Discovery of a novel nicotinic receptor antagonist for the treatment of nicotine addiction: 1-(3-Picolinium)-12-triethylammonium-dodecane dibromide (TMPD)

Linda P. Dwoskin*, B. Matthew Joyce, Guangrong Zheng, Nichole M. Neugebauer, Vamshi K. Manda, Paul Lockman, Roger L. Papke, Michael T. Bardo, Peter A. Crooks

*Corresponding author for this work

Research output: Contribution to journalArticlepeer-review

8 Scopus citations

Abstract

Limitations in efficacy and high relapse rates of currently available smoking cessation agents reveal the need for more efficacious pharmacotherapies. One strategy is to develop subtype-selective nicotinic receptor (nAChR) antagonists that inhibit nicotine-evoked dopamine (DA) release, the primary neurotransmitter involved in nicotine reward. Simple alkylation of the pyridino N-atom converts nicotine from a potent agonist into a potent antagonist. The classical antagonists, hexamethonium and decamethonium, differentiate between peripheral nAChR subtypes. Using a similar approach, we interconnected varying quaternary ammonium moieties with a lipophilic linker to provide N,N′-bis-nicotinium analogs, affording a lead compound, N,N′-dodecyl-1,12-diyl-bis-3-picolinium dibromide (bPiDDB), which inhibited nicotine-evoked DA release and decreased nicotine self-administration.
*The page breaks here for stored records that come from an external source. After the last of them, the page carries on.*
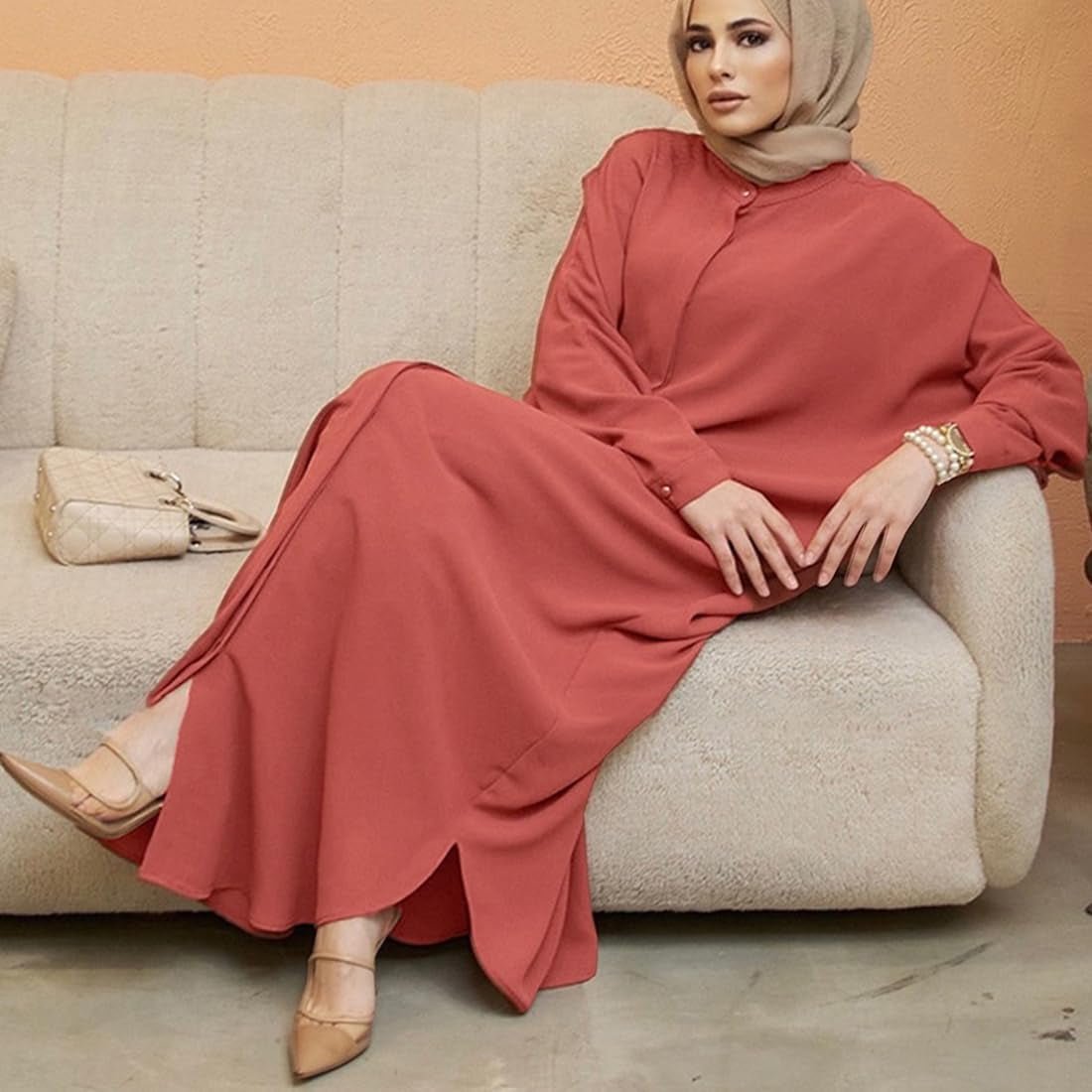 Abayas for Women Muslim Dress Modest Maxi Robe Abaya Kaftan Dresses Eid Prayer Clothes Arabian Islamic Dubai Outfit - WORLD TIME VISITS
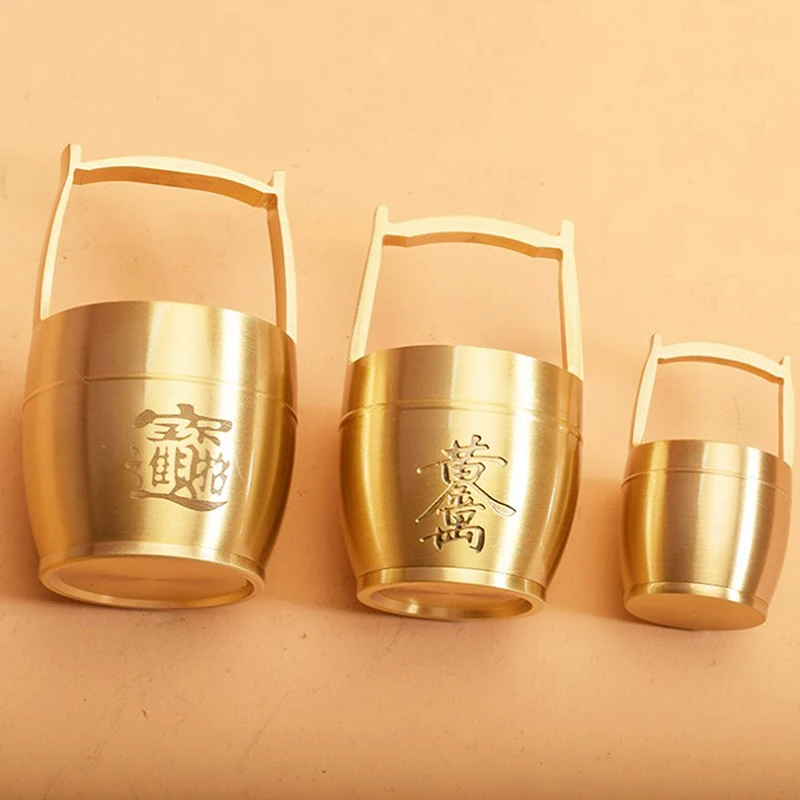 Pure Brass Bucket of Gold Ornament No Ingot Lucky Fortune Craft Feng Shui Ornament Home Desktop Decoration Gift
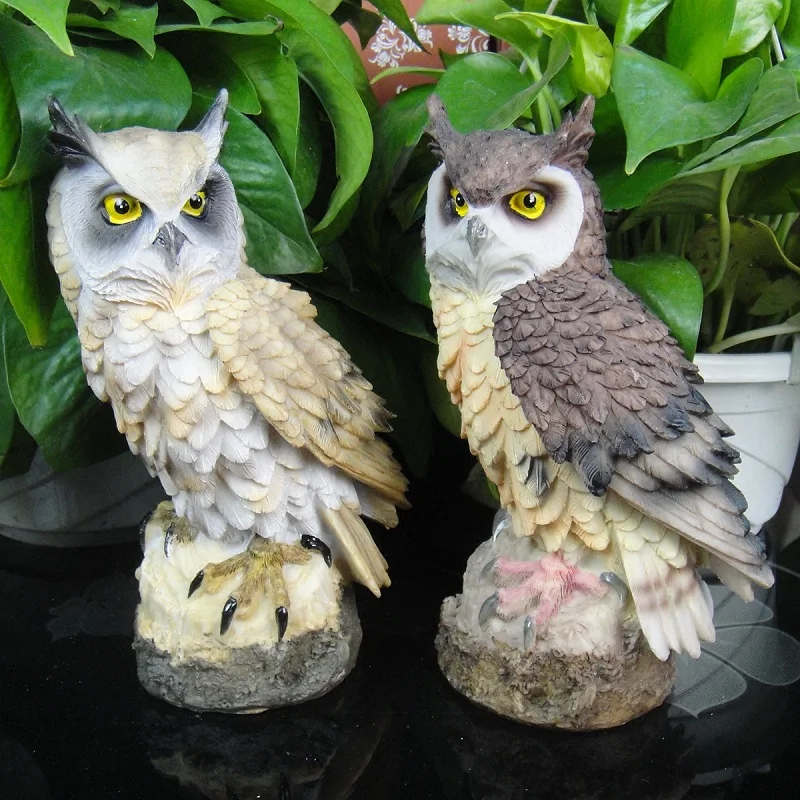 

Simulation owl resin ornaments sculpture landscape craft model home garden Desktop window Decoration gardening gift p1400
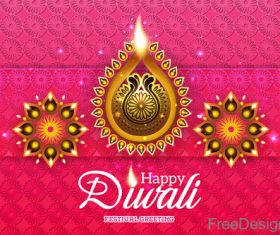 Ornate decor with diwali background vectors 02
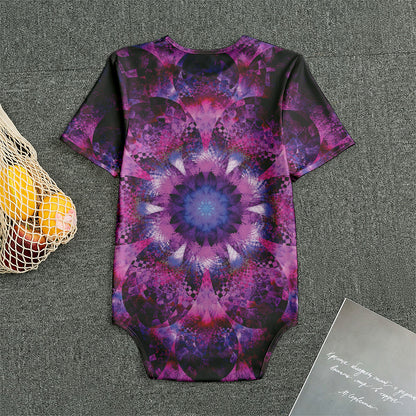 Purple Mandala Flower Print Men's Bodysuit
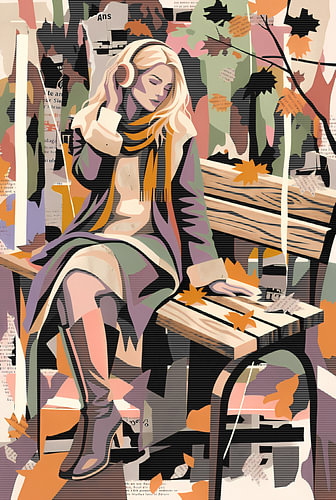 A woman on a bench in the park is listening to music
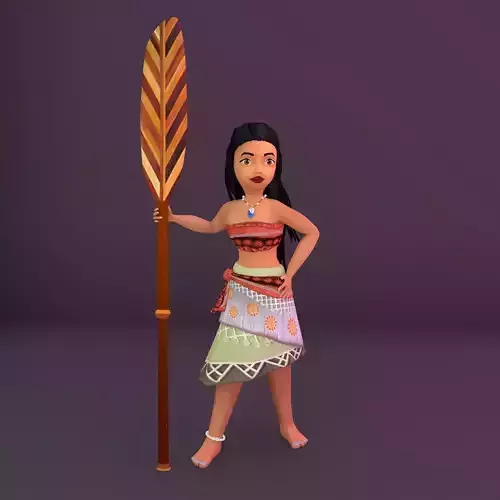 Game Ready Girl Character Low-poly 3D model
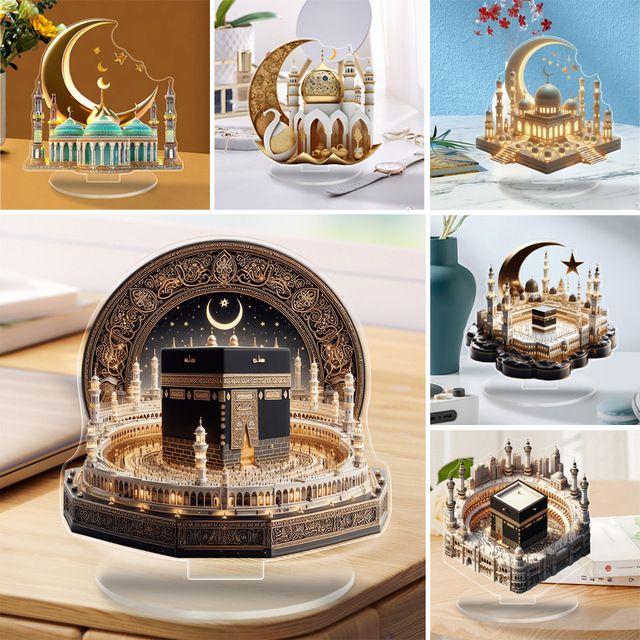 DAMAI Ramadan Moon Star Castle Acrylic Tabletop 2D Eid Mubarak Shiny Gold Desktop Ornament Islamic Muslim Table Decoration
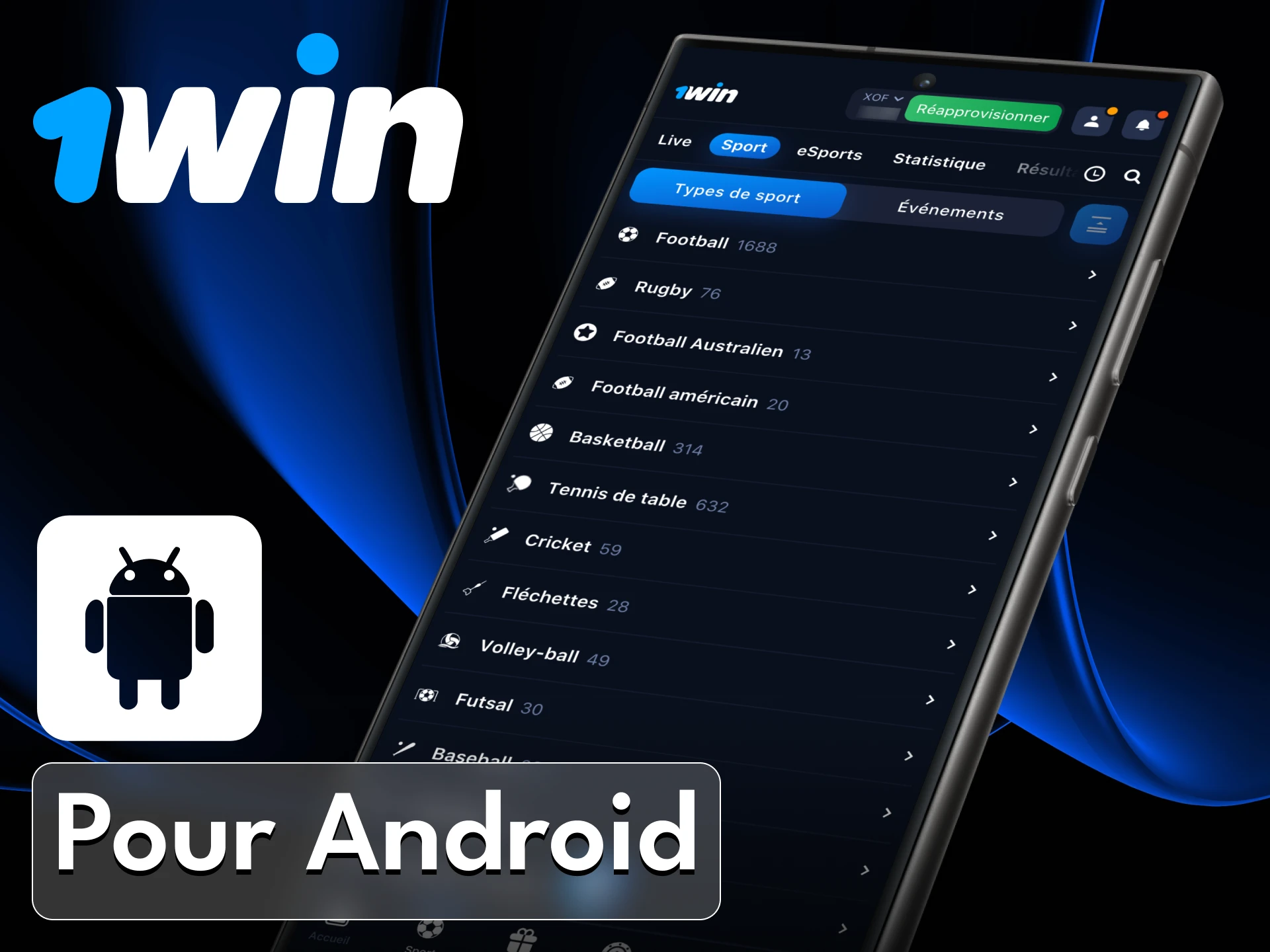 Téléchargez l'application pour Android depuis le site officiel de 1Win.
The current work describes a novel compound, 1-(3-picolinium)-12-triethylammonium-dodecane dibromide (TMPD), a hybrid of bPiDDB and decamethonium. TMPD completely inhibited (IC50 = 500 nM) nicotine-evoked DA release from superfused rat striatal slices, suggesting that TMPD acts as a nAChR antagonist at more than one subtype. TMPD (1 μM) inhibited the response to acetylcholine at α3β4, α4β4, α4β2, and α1β1εδ receptors expressed in Xenopus oocytes. TMPD had a 2-fold higher affinity than choline for the blood-brain barrier choline transporter, suggesting brain bioavailability. TMPD did not inhibit hyperactivity in nicotine sensitized rats, but significantly and specifically decreased nicotine self-administration. Together, the results suggest that TMPD may have the ability to reduce the rewarding effect of nicotine with minimal side effects, a pharmacological profile indicative of potential clinical utility for the treatment of tobacco dependence.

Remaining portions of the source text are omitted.